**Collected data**
★ ★ ★

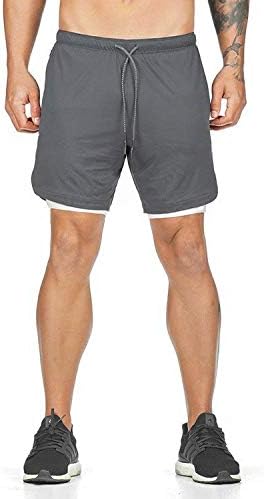 CYF Men’s 2 in 1 Running Shorts with Pockets Quick Dry Breathable Active Gym Workout Shorts - Image 3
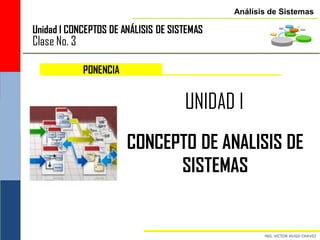 Análisis de Sistemas

Unidad I CONCEPTOS DE ANÁLISIS DE SISTEMAS
Clase No. 3

              PONENCIA


                                     UNIDAD I
                         CONCEPTO DE ANALISIS DE
                               SISTEMAS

★ ★ ★

**Instructions for the task**
Restate the data word for word, minus any images.

**Task result**
 CYF Men’s 2 in 1 Running Shorts with Pockets Quick Dry Breathable Active Gym Workout Shorts - Image 3
 Análisis de Sistemas

Unidad I CONCEPTOS DE ANÁLISIS DE SISTEMAS
Clase No. 3

              PONENCIA


                                     UNIDAD I
                         CONCEPTO DE ANALISIS DE
                               SISTEMAS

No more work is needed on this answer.